Frontend developer left Nash

I noticed that one of the frontend developers, David, has just left Nash.
Even though Nash is still in the MVP stage, was there a conflict within the team for a frontend developer to leave?

Please tell us.

Could he also be planning a project similar to Nash’s?

Like when Gavin went out to the Ethereum and developed Polkadot…

1 Like

Where did you find that info ?
Maybe he went for bigger paycheck!?

David was not a “core dev” but a team member and frontend developer. I’ve changed the title of this thread because it’s misleading – as is the analogy with Gavin and Polkadot, since he was a founder.

It is normal for startups to have churn as people hit vesting. This isn’t a sign of any conflict within the team.

Please refrain from trying to spread FUD about Nash.

4 Likes

Sorry about that. I thought he was a core developer because Nash’s official twitter account used to follow him on twitter.

So am I correct in assuming that the only people that Nash’s official account follows are founders and front-end developers?

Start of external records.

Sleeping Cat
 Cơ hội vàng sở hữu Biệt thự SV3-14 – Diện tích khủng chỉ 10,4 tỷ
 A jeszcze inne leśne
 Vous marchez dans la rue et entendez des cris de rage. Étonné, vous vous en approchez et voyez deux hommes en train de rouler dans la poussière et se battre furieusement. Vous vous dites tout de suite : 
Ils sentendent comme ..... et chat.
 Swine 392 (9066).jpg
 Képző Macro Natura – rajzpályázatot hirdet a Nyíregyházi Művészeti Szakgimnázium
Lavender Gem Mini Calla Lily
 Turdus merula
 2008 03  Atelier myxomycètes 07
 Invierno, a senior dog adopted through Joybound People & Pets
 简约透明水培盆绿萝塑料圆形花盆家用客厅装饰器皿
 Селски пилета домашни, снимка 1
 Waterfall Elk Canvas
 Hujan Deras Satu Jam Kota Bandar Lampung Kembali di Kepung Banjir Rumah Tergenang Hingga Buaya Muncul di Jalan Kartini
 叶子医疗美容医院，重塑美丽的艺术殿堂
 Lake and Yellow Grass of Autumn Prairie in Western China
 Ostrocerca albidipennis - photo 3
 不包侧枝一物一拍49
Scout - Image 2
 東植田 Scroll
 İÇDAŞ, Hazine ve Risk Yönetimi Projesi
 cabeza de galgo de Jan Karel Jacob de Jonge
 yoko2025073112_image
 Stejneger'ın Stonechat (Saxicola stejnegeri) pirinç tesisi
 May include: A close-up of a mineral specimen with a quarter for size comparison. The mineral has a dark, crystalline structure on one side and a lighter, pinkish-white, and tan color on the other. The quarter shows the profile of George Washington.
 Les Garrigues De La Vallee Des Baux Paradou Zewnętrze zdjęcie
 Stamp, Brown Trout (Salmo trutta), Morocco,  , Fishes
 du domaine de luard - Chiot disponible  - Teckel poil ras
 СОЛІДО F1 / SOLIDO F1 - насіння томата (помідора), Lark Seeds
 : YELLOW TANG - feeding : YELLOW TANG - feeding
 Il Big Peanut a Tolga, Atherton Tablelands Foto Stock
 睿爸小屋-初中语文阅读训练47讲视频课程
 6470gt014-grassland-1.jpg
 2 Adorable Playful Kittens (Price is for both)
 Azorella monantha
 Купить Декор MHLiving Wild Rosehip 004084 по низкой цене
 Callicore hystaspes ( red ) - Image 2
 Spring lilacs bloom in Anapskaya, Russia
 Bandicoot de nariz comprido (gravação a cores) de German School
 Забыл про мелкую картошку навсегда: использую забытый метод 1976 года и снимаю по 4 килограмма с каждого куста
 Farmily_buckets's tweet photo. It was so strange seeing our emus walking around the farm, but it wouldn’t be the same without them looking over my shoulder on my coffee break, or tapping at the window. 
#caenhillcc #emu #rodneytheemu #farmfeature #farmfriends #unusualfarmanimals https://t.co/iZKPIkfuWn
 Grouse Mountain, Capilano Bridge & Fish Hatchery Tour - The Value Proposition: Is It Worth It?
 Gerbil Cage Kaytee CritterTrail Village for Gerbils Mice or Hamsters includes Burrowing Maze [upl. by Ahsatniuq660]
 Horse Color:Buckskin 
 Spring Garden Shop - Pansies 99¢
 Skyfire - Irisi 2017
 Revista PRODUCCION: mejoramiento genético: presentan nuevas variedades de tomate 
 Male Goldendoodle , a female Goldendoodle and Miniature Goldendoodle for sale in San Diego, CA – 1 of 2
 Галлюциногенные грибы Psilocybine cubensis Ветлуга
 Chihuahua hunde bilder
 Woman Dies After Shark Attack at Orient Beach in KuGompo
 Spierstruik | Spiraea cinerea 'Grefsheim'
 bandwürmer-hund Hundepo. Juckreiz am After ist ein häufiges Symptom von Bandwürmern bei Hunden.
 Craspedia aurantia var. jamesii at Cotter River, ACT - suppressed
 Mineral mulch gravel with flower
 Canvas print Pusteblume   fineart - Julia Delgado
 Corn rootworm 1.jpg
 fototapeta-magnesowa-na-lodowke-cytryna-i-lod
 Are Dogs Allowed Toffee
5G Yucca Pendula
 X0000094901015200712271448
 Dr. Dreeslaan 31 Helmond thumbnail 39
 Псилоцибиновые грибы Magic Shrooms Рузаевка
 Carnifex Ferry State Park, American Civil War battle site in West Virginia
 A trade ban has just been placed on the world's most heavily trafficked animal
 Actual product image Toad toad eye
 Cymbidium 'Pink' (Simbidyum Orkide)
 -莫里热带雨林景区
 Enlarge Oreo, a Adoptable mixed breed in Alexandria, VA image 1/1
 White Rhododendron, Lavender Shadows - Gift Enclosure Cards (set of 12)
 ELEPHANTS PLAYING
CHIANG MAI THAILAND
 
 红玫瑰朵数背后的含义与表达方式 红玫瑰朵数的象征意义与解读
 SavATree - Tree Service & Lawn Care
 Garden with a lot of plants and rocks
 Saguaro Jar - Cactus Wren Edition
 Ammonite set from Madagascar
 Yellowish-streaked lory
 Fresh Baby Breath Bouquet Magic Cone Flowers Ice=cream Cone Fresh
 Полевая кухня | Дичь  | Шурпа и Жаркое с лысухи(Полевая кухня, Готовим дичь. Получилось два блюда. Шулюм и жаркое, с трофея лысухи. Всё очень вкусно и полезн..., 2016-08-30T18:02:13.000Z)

The comments are so off that I don’t know if you are being serious or doing a low quality sarcasm? Nash twitter following someone doesn’t mean anything - most of the times is just to give visibility to followers for people that want to be active in twitter. Either way I will address your fear here because others could be reading.

We are happy David is not in Nash anymore, we don’t get sorry when someone leave Nash - we celebrate it. I hope he goes on to have higher positions and maybe found his own startup. Before David several others have left Nash, we are still growing so more people has joined than left.

There is no “core developer” in Nash, there team members and founders. In the specific case of David he had just started to learn how to code, if not mistaken was his first or second year as a frontend dev, when he first contributed in COZ. He was a great fit as a contributor to Neon wallet - naturally he was invited to join as a early team member in Nash, as a Jr. frontend. Now as times passes Nash like any startup is maturing, workload is high and payout in stake is lower, so David decided it was time for him to move on - and when that happens is better for both company and team member. I hope that Nash helped he learn and become a better developer so he can continue to grow in his career.

Regarding the absurd Gavin, Ethereum, Polkadot fud. Gavin was a founder, creator of the EVM. And on Nash every team member signs a NDA with non-compete clause, so no David nor any of the several ex-team members of Nash can start a competitor or use Nash IP.

15 Likes

Thanks for the detailed explanation.
The NDA makes us feel safe.

My statement is a bit sarcastic.

We don’t have a lot of insight into the working environment within the NASH team.
We can only rely on Gitlab, Github, the blog, Twitter, and a few other sources to guide us.

So when an official Twitter page suddenly unfollows someone, it’s not surprising that some of you might wonder what happened.

Isn’t this the kind of official forum we have to solve those questions?

I think team should rethink a little bit about saying FUD! FUD! every time I ask a question.

1 Like

FYI, this post ended up on /r/Nash (reddit community, unofficial) as a FUD attempt. Regardless of your motives, this type of information can spread quickly – it’s low hanging fruit for FUD spreaders.

I don’t really think we need to be updated when Nash Twitter unfollows someone other than a core founder. Seems like non-news and just business as usual for a startup.

4 Likes

I don’t know which other times you are referring but what you tried here is FUD, FUD means fear, uncertainty, and doubt.

You demonstrated and instigated fear by putting doubt on the significance of someone leaving the team, put doubt under it using as justification how Nash follows on Twitter and raised uncertainty about he potentially starting a competitor. None of those things are justified.

You could have asked this differently instead of doing that. In no moment any team member was called to be a “core dev”. And if you didn’t know any of those things in specific as you now say things could be way different.

Why not actually ask what you don’t know? It could have been:

I noticed David has left Nash, could you guys clarify what was his role in the project and what are the chances of people leaving the company compromise the company intellectual property?

But that is not what you did, you FUDed. So since you do confirm your intention was indeed to be sarcastic on the response I am banning you an closing the thread. The rules of the community are clear, one should respect team and other community members at all times in this forum.